Multi-Dimensional Aggregation¶
Aggregate cost-per-view across two dimensions (item and time-of-day) from CSV data, the kind of multi-dimensional rollup you constantly build in feature engineering pipelines.
Problem¶
Given two CSV files:
times.csv: named time windows (e.g., Morning, Afternoon, Prime) with start/end timesdata.csv: transaction records with timestamp, item ID, cost, and output (views)
Produce two summaries:
- Cost per view by item, total cost / total views for each item
- Cost per view by time window and date, the same metric grouped by (time window, date)
No external libraries allowed beyond the standard library.
times.csv
"Start","End","Name"
"6:00 AM","12:00 PM","Morning"
"12:00 PM","4:00 PM","Afternoon"
"3:00 PM","8:00 PM","Prime"
data.csv
"Date","Time","Item","Cost","Output"
"01/02/2016","8:30 AM","ITEM001",120.50,100
"01/02/2016","11:30 AM","ITEM001",240.50,110
"01/02/2016","3:30 PM","ITEM002",500,80
...
Approach¶
- Parse the time windows into
(start, end, name)tuples so we can match any timestamp to its window. - Stream through the data rows. For each row, parse its time, find the matching window, then accumulate cost and views into two separate groupings.
- Use a helper class (
CostCounter) to track running totals and compute cost-per-view on demand. This avoids a second pass over the data.

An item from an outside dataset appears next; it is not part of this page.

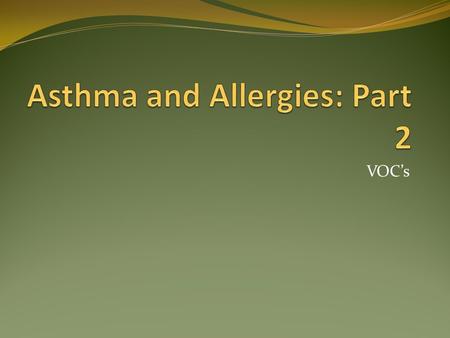 VOC’s. Review of Signs and Symptoms People with allergies have hyperactive immune systems that think harmless things, such as pet dander, are dangerous.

This is essentially a manual GROUP BY with two different key expressions, something pandas handles in one line, but implementing it from scratch shows you understand the underlying mechanics.
Implementation¶
import csv
from datetime import datetime
from collections import namedtuple
ROTATIONS_FILE_PATH = 'rotations.csv'
SPOTS_FILE_PATH = 'spots.csv'
Rotation = namedtuple('Rotation', ['start', 'end', 'name'])
class CostCounter:
def __init__(self):
self.total_cost = 0.0
self.total_views = 0
def add_spot(self, spot):
self.total_cost += float(spot['Cost'])
self.total_views += int(spot['Output'])
@property
def cost(self):
return self.total_cost / self.total_views if self.total_views else float('inf')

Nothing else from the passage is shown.